Summary
People We Meet on Vacation has likeable enough leads and a premise that could work under the right circumstances, but an overlong runtime and plodding structure make it laborious.
From top to bottom, People We Meet on Vacation is a streaming movie. It has been produced as part of Netflix’s Sony deal, but it really could have landed anywhere, such is the algorithmically precise nature of its pop novel source material, beautiful leads, glossy presentation, and smartly timed New Year release window. When everyone is thinking about reinventing themselves, a movie about two people struggling to figure out what they want in life is likely to go down a treat.
Not this movie, though. For one thing, it runs for two hours, which is much too long. Given that you can predict the ending five minutes into the runtime, things quickly start to feel laboured, and a repetitive flashback structure doesn’t help. But the nakedness with which it’s designed to appeal as broadly and safely as possible is the most pernicious issue. Any potential edges have been planed away. It’s funny but not daringly so, intermittently sexy but not enough to test the boundaries of its PG-13 rating, it stars a cavalcade of young, hot streaming stars, and it expects the audience’s comfortable expectations and a few choice needle drops to do a lot of heavy lifting.

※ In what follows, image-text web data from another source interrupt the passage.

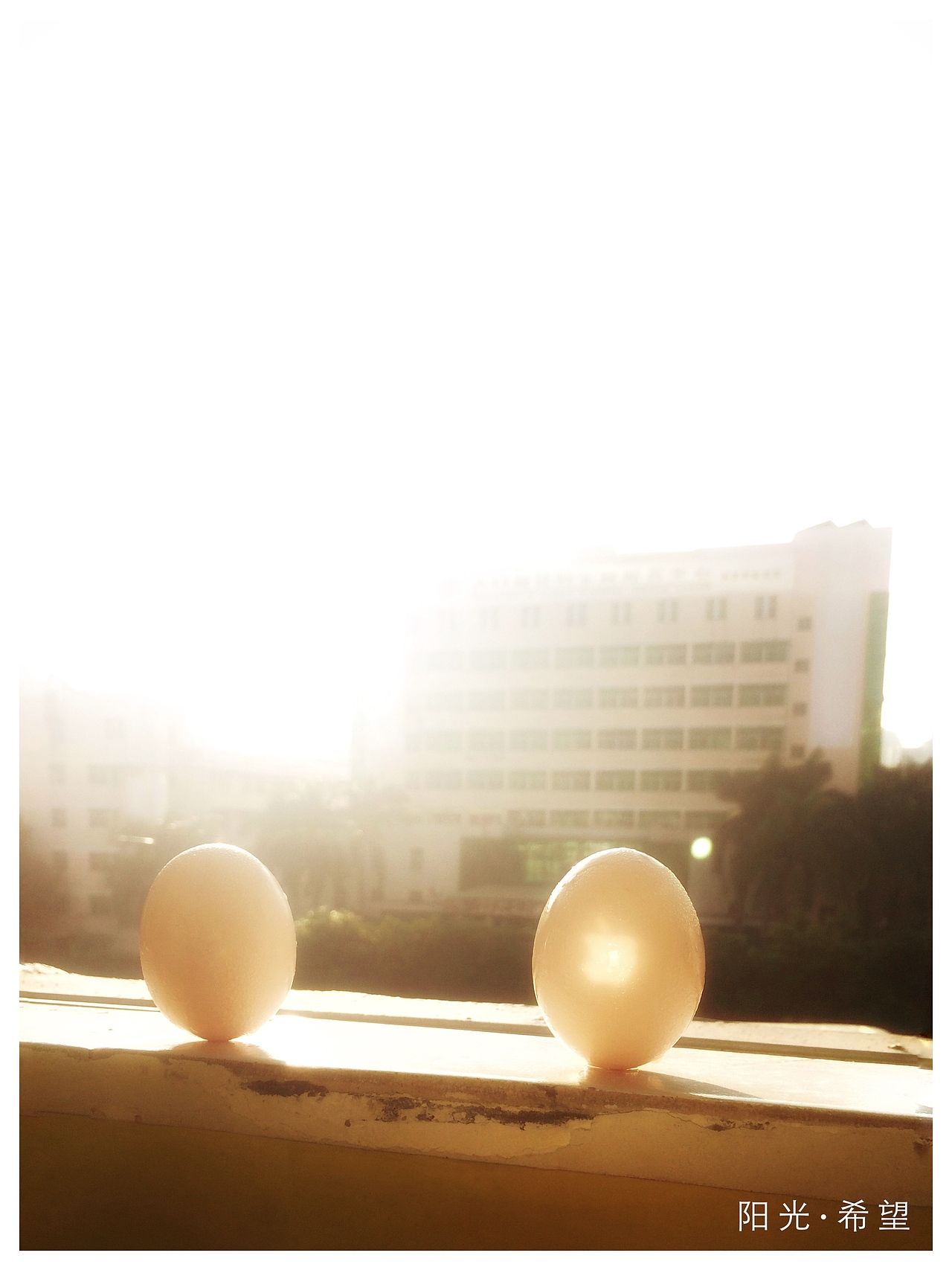 手机摄影“蛋定”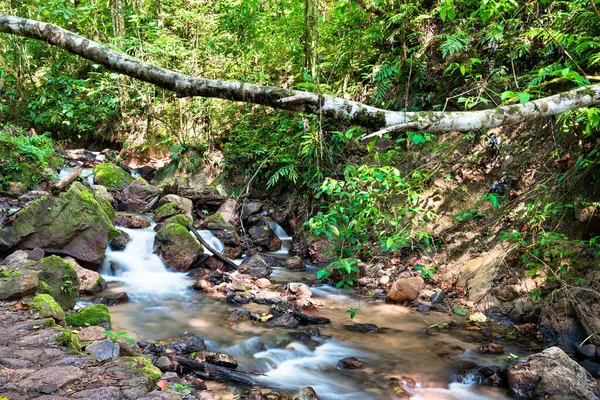 El Tirol waterfall in the jungle of Chanchamayo in Peru — стоковое фото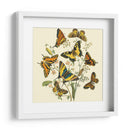 Mariposa Reuniendo I - Vision Studio | Cuadro decorativo de Canvas Lab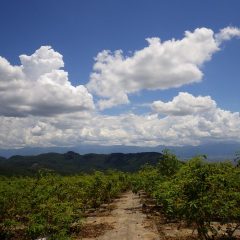 夏空の広がるローズ畑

The annoying thing is that it could have been so much better. Emily Henry’s source material is beloved, and while it isn’t my cup of tea at the best of times, it’s easy to see how the When Harry Met Sally friends-to-lovers trope works nicely enough, draped over the flashback structure of multiple recalled vacations. But even how People We Meet on Vacation handles the passage of time feels oddly fake, with very little to differentiate each section. Each only occurs a year apart, to be fair, but they nonetheless all blur together after a while.
I should explain, since the premise is pretty key. Our Harry and Sally stand-ins are Alex (Tom Blythe, Billy the Kid) and Poppy (Emily Bader), who meet while taking a road trip home from college and, despite their chalk and cheese personalities, enjoy it so much they agree to meet every summer, no matter what they’re doing in their respective lives. In the present day, Poppy is working as a travel writer for a very nebulous company owned by Swapna (Jameela Jamil, A Merry Little Ex-Mas), and essentially living life as a string of all-expenses-paid vacations. When she’s invited to Alex’s brother’s wedding in Barcelona, she has to weigh up seeing Alex again, from whom she has become estranged, and each flashback to their trips – to the Canadian wilderness, to New Orleans, to a Tuscan villa on an ill-advised couples’ retreat – fleshes out more of how their relationship developed and ultimately fell apart.
See? Nothing wrong with that. But the concept is hamstrung by a few things. One is that Blyth and Bader have such immediate and obvious chemistry that the ultimate arc of the movie is never really in question. This is admittedly common in rom-coms and often part of the sales pitch, but People We Meet on Vacation is trying to build too much mystery for the inevitability to really work. Roadblocks along the way – mostly in the form of significant others – feel contrived as a result, too. It would have been fine to highlight how Alex and Poppy’s relationships never work because they’re ultimately in love with each other, but they also tend to date people – played by Spencer Neville (Ozark) and Lucien Laviscount (Emily in Paris) in Poppy’s case and Sarah Catherine Hook (The White Lotus) in Alex’s – who are generally unpleasant and unreasonable.
It just feels so contrived. Each trip lacks specificity to such an extent that the visual of a four-foot aboriginal totem that Poppy buys on a whim and Alex has to carry around is returned to multiple times to communicate the same point, since there was nothing else of real significance that happened on any of the vacations that couldn’t have happened somewhere else. For comedy and drama, the movie relies on the played-out opposites-attract dynamic, with Alex’s buttoned-up, by-the-book attitude and humble desires of small-town stability rubbing up against Poppy’s weird idiosyncrasies and impossible-to-sate wanderlust. In short: She’s itinerant, he’s itinerary.
But as much as this can work, it doesn’t here because of everything described above. The complete lack of intrigue and jeopardy makes the movie feel laborious, and writers Amos Vernon, Nunzio Randazzo, and romance author Yulin Kuang can’t find a way to create the necessary drama that doesn’t feel wholly unconvincing. At two hours, each attempt feels like a frustrating stopgap on the way to an entirely predictable climax. It’s a trip that just doesn’t seem worth the jetlag.